On Wednesday 12 March 2003 15:52, Watkin Simon wrote:
>
> The data retention paper includes examples - not claims - of terrorist
> investigations which were facilitated by the recovery of communications
> data that was over 12 months old (where that data was held for business
> purposes.)

I think you're making a very important mistake here.

I rather think that terrorist investigations which may have been "assisted" 
in this way involved some detectable actions other than those which might 
have been recorded in telecomms logs. (e.g. murder, kidnapping, bodily harm, 
destruction of property, extortion, ...).
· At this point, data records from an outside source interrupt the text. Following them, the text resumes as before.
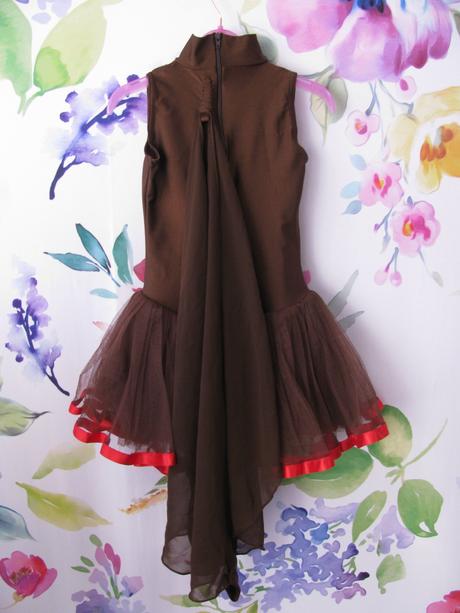 Taneční,baletní dres s tylovou sukní v.116/122, 122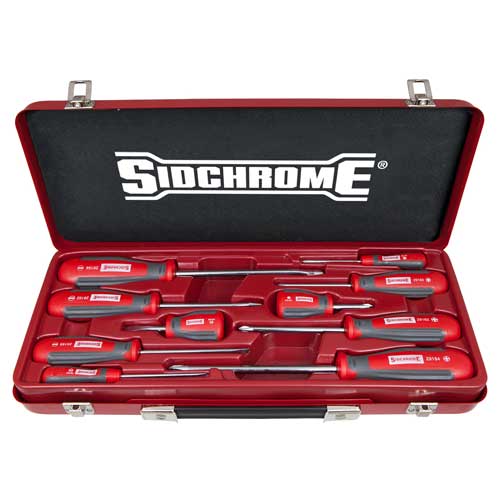 Sidchrome 10 Piece Ergonomic Screwdriver Set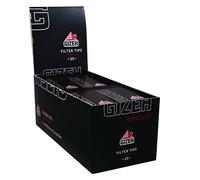 Gizeh Black Filter Tips Lot de 3 boîtes de 72 livrets de Taille Normale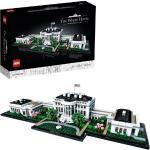 LEGO® Konstruktionsspielsteine »Das Weiße Haus (21054), Architecture«, (1483 St), Made in Europe, weiß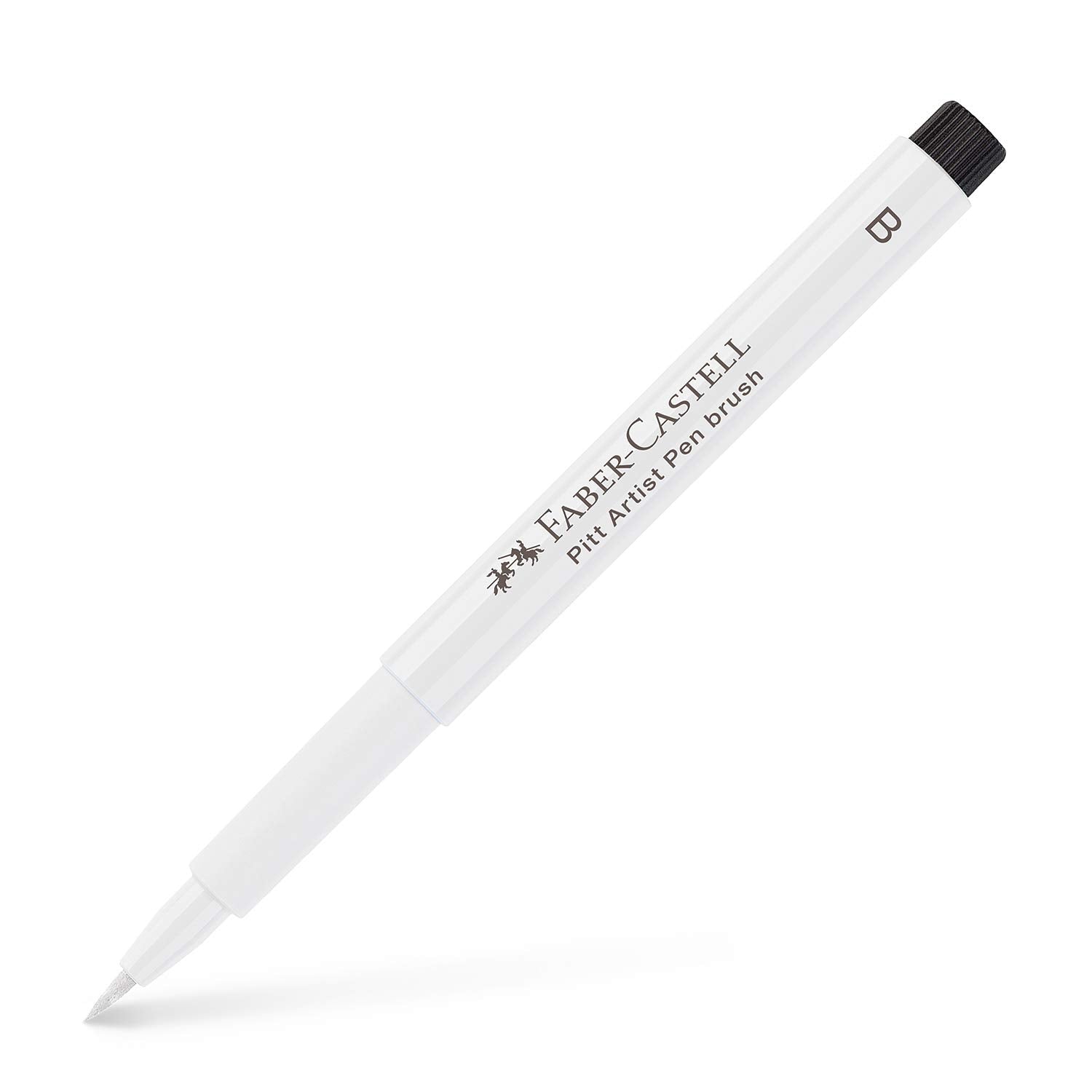 Faber-Castell Pitt Artist Pen Brush - Waterproof Pigment Ink | Acid-Free | White 1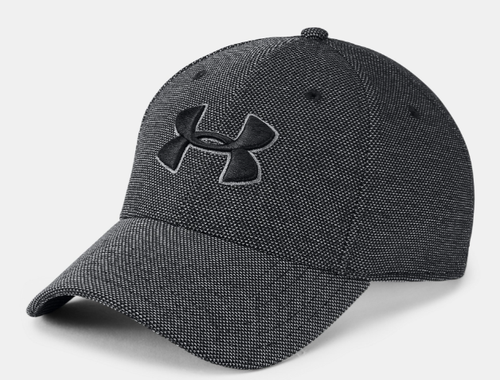 Under Armour Men's Heathered Blitzing 3.0 Black/Graphite Hat (Medium-Large)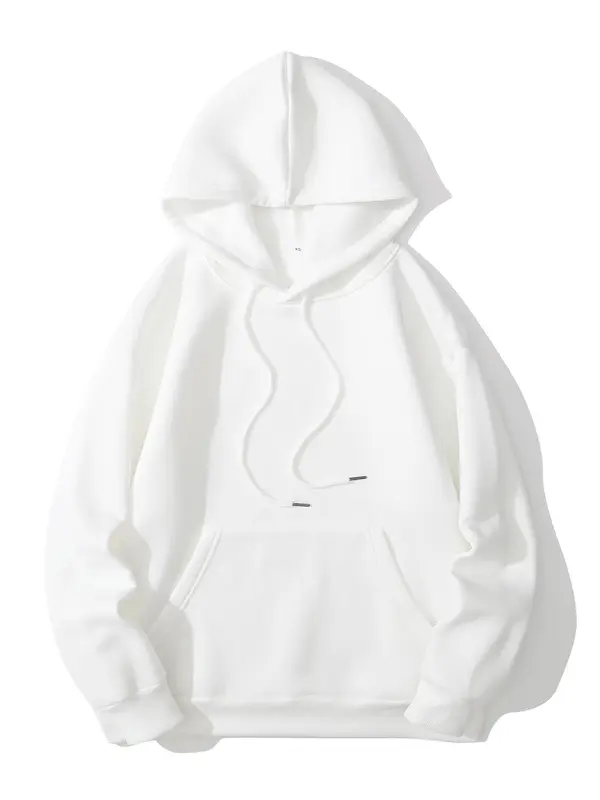 Women's Plain Drawstring Pocket Drop Shoulder Yoga Hoodie, THE GREEN HOODIE GIRL, Fashion Casual Hooded Long Sleeve Pullover for Daily Holiday Outdoor Wear, Hoodies for Women, Going Out Tops, Women's Clothes for Fall & Winter 1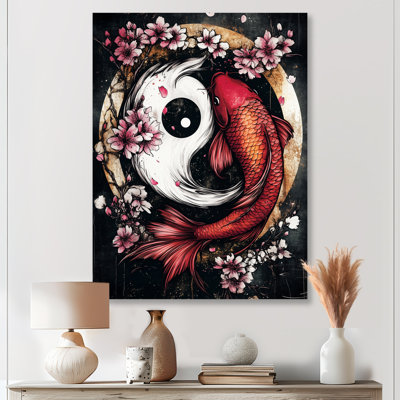 Étang mural Sakura Yin et Yang Koi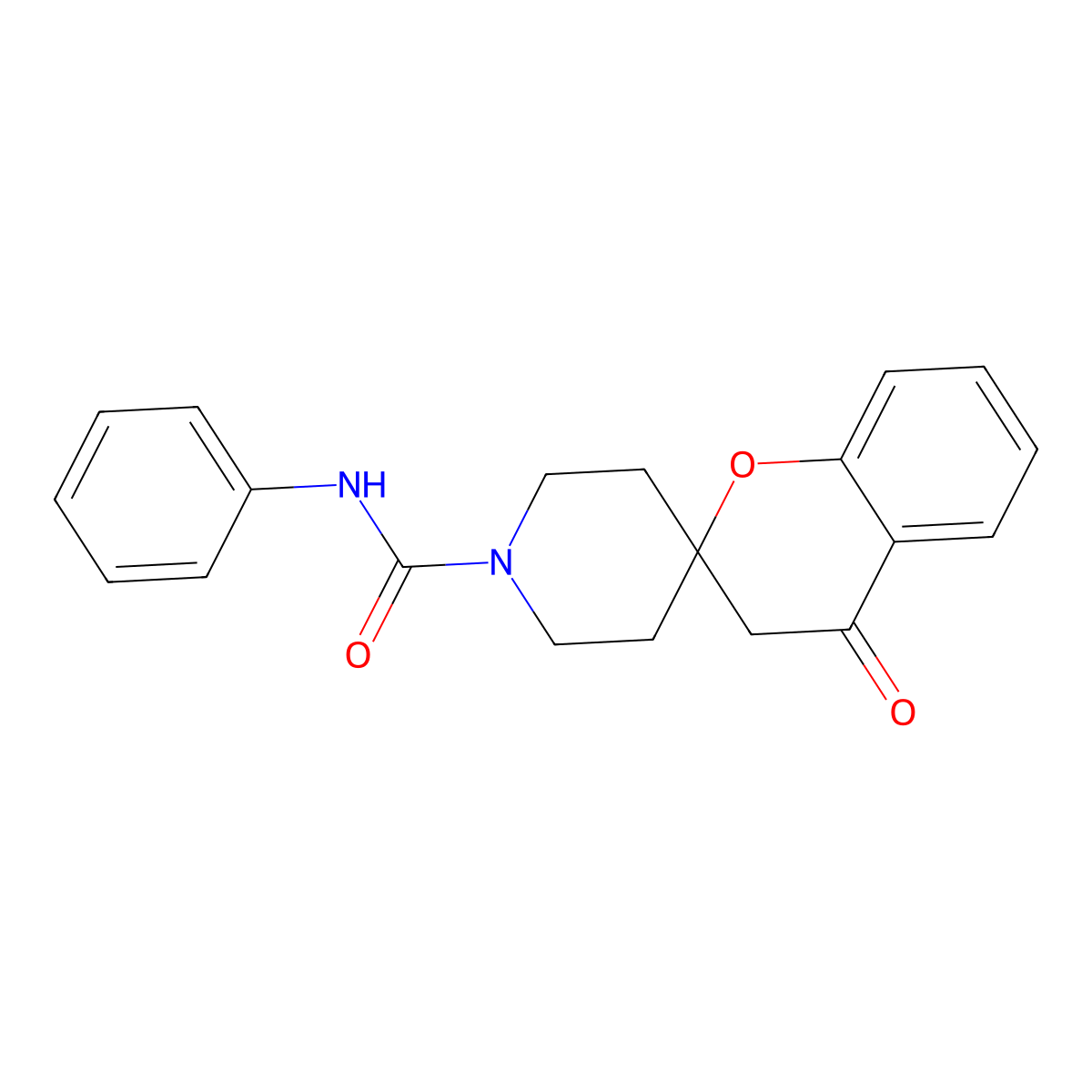 4-oxo-N-phenylspiro[chroman-2,4'-piperidine]-1'-carboxamide molecular structure, CAS 251088-09-2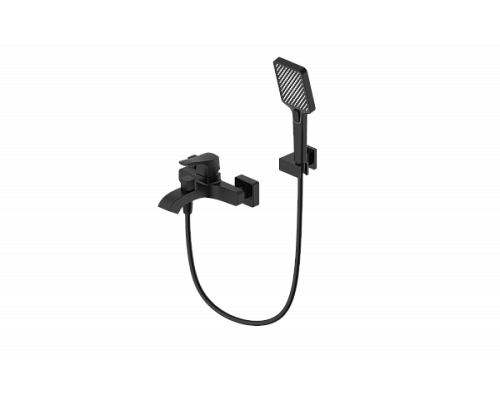 Смеситель для ванны с душем Wonzon&Woghand, Черный матовый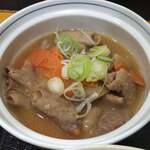 季さく - お刺身セットのもつ煮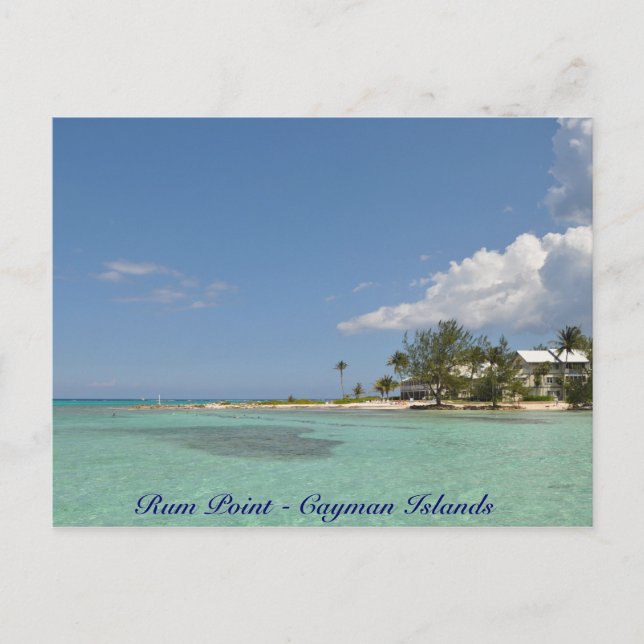 Cartão Postal Rum Point - Ilhas Cayman (Frente)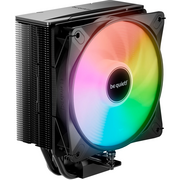  Кулер be quiet! Pure Rock 3 LX Black (BK040) (190W, 4-pin PWM, 154mm, Al/Cu, 4x6mm, ARGB, 1x120mm, 61.8CFM, 31.2dBA, 2000RPM) 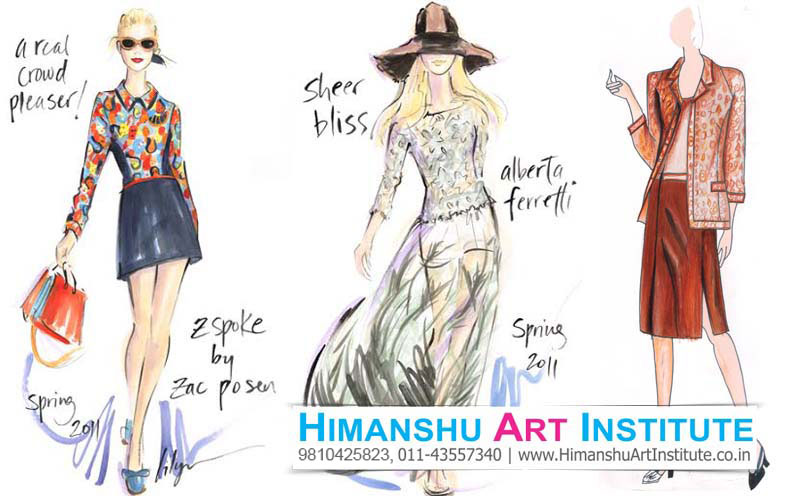 Fashion Illustration Classes in Delhi, Online Fashion Sketching Classes, Fashion Illustration Course, Fashion Drawing Classes, Fashion Sketching Classes for Fashion Designers, Best Fashion Illustration Drawing Classes in Delhi, India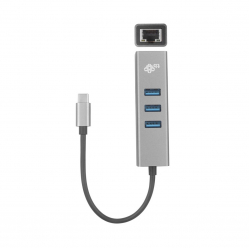Adapter TB USB C - RJ45 + 3xUSB A - 1000 Mb/s 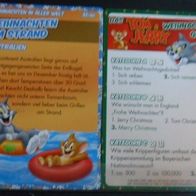 Karte 35 " Tom & Jerry / Weihnachten am Strand - Australien "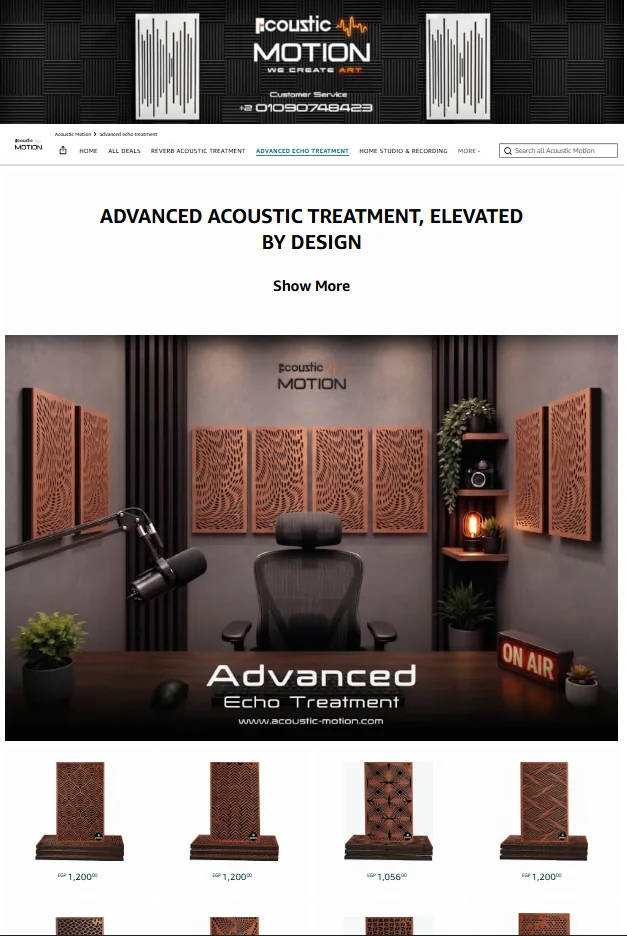 Advanced acoustic treatment category page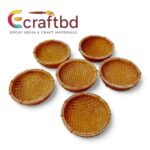 Simulated Bamboo Basket Tray Resin Accessories Handmade Cream Glue DIY Miniature Bread Food Toy Small Ornament Materials - Image 7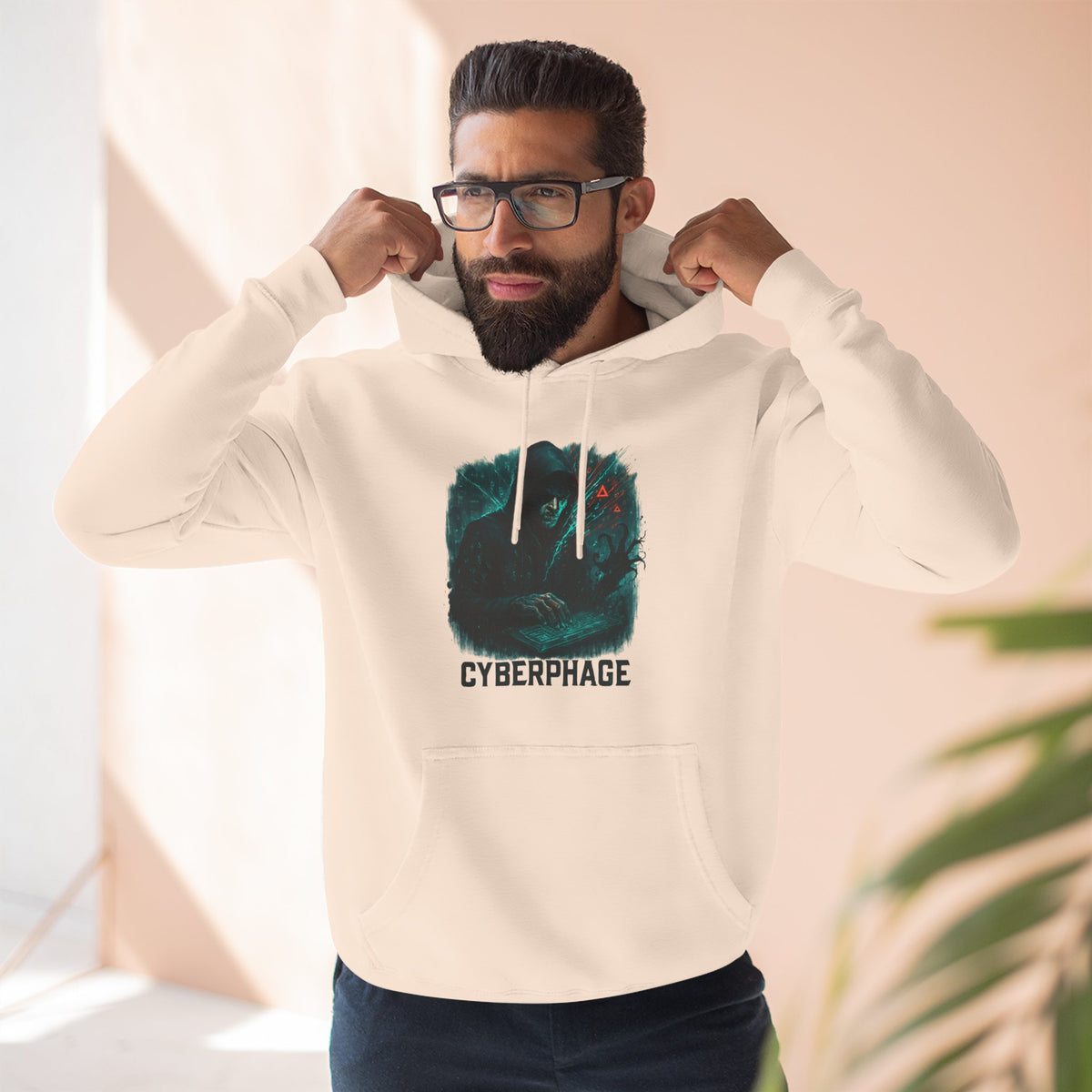 HALLOWEEN Cyberphage Graphic Hoodie | Cozy Fleece Sweatshirt.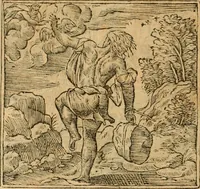 An illustration from Emblemata d'A. Alciati : denuo ab ipso autore recognita ac, quae desiderabantur, imaginibus locupletata : accesserunt noua aliquot ab autore emblemata, suis quoque eiconibus insignita (1550)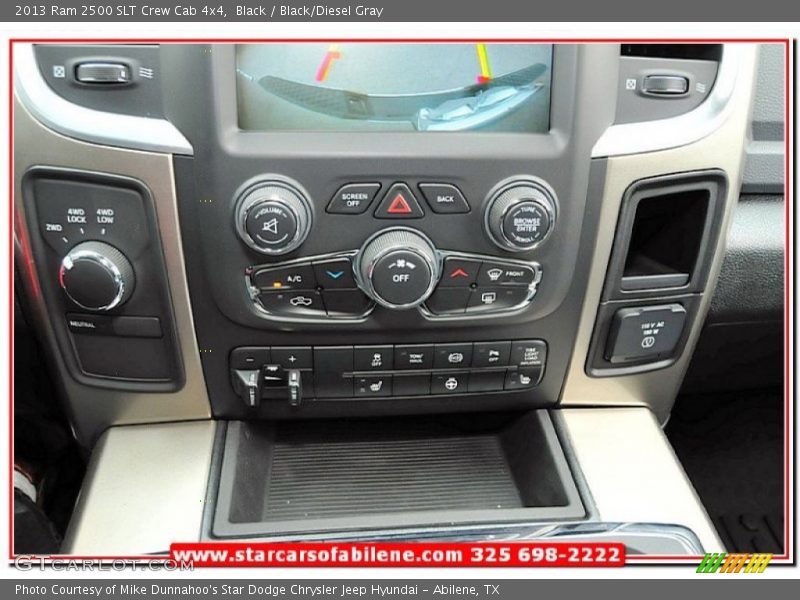 Black / Black/Diesel Gray 2013 Ram 2500 SLT Crew Cab 4x4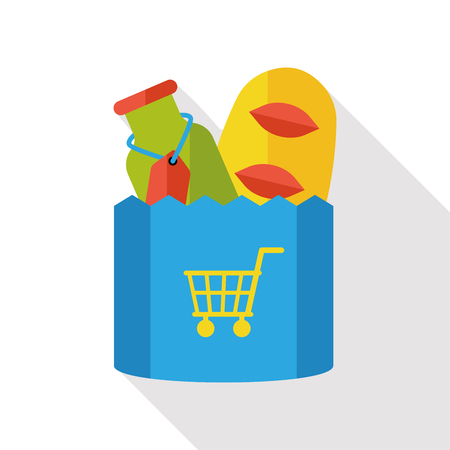 food and drink flat iconのイラスト素材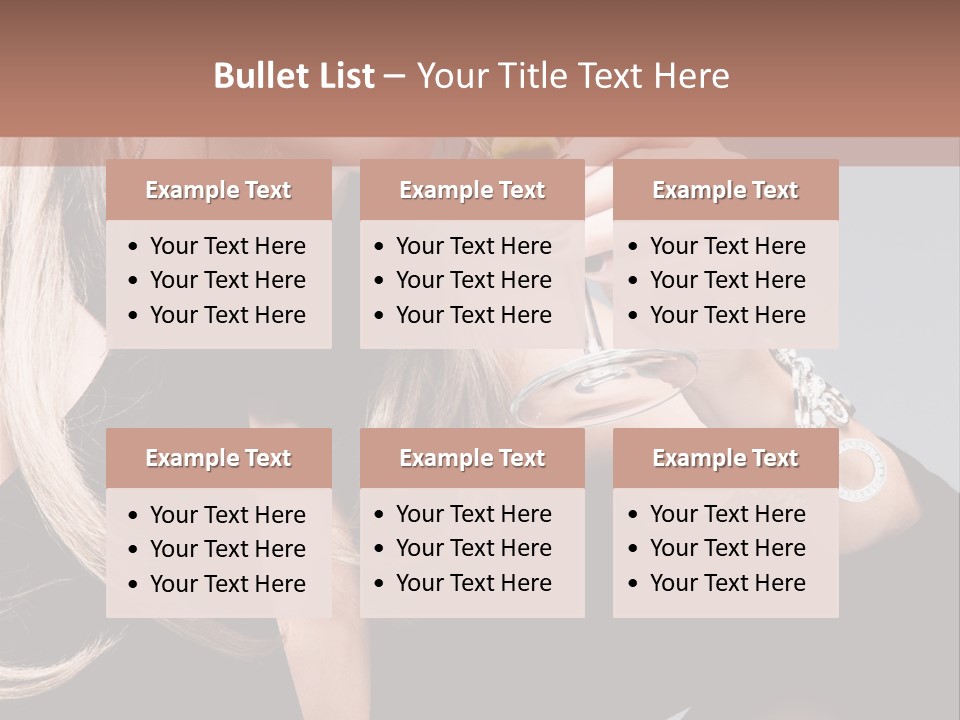 Blond Dress Vertical PowerPoint Template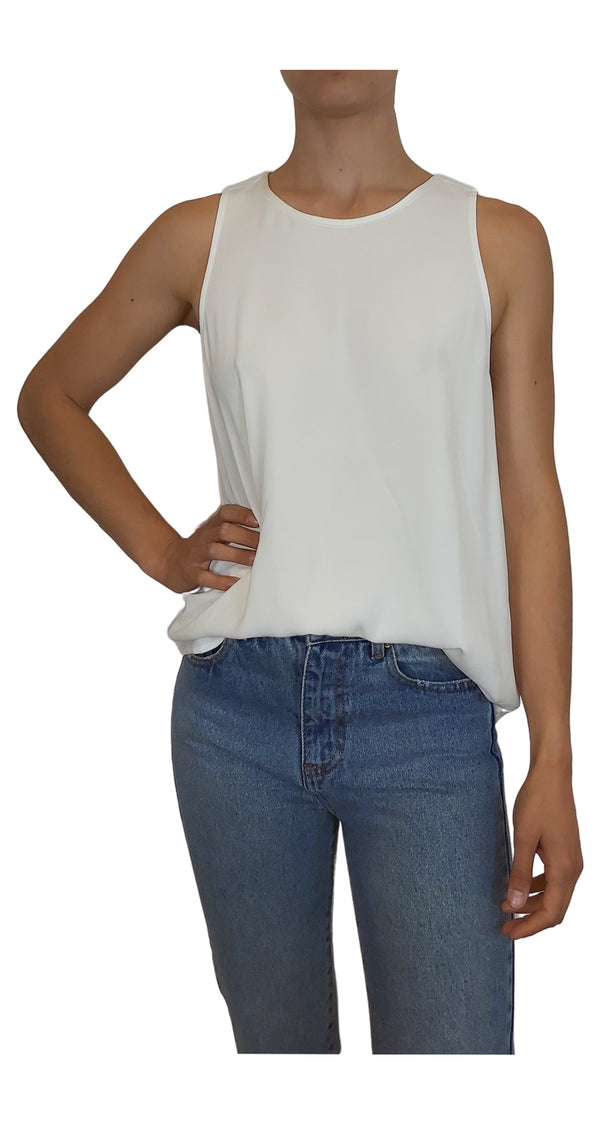 Blusa Sin Mangas Blanca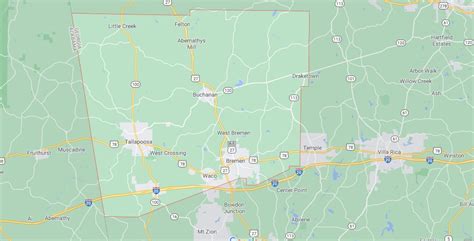 Where Is Haralson County Georgia What Cities Are In Haralson County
Even if you fail to detect 
terrorists directly, experience is that terrorists are serial offenders; in 
fact, terrorism depends on the threat or actuality of continuing action. 
(Even when individual terrorists engage in suicide operations, the 
organization as a whole must survive in order for the action to be at all 
meaningful).

So my assertion is that, in the long term, the detection rate for terrorist 
investigations would not be affected much by retaining access to 
communications data for periods of time greater than, at most, a few days.
>
> When we say, after lengthy consultation with industry and the Information
> Commissioner, that the maximum retention period for the purpose of
> safeguarding national security should be 12 months we say that in the
> knowledge that the past capability to detect terrorists using 12+ months
> data will no longer exist - if, as I think we are seeing, retention periods
> for business purposes continue to tumble.
>
So there is a risk that a few specific incidents will occur that might 
otherwise have been prevented. 

- What about the incidents that weren't stopped in real time because 
investigators had their heads buried in ancient communications data instead 
of being at places where incidents might actually occur? 

- What about the incidents which continue to occur whilst the comms data is 
"ageing"? If you say that you don't have a "pattern" until months of activity 
has been collated, then it seems to me that use of this tool as a  
preventative measure is pointless.

What I'd like to see (and I'm sure a large number of other people are with me 
on this) is a graph of the proportion of incidents which _could_ be prevented 
vs the length of time comms data is retained. My guess is that the initial 
curve is steep, but flattens out within a few days.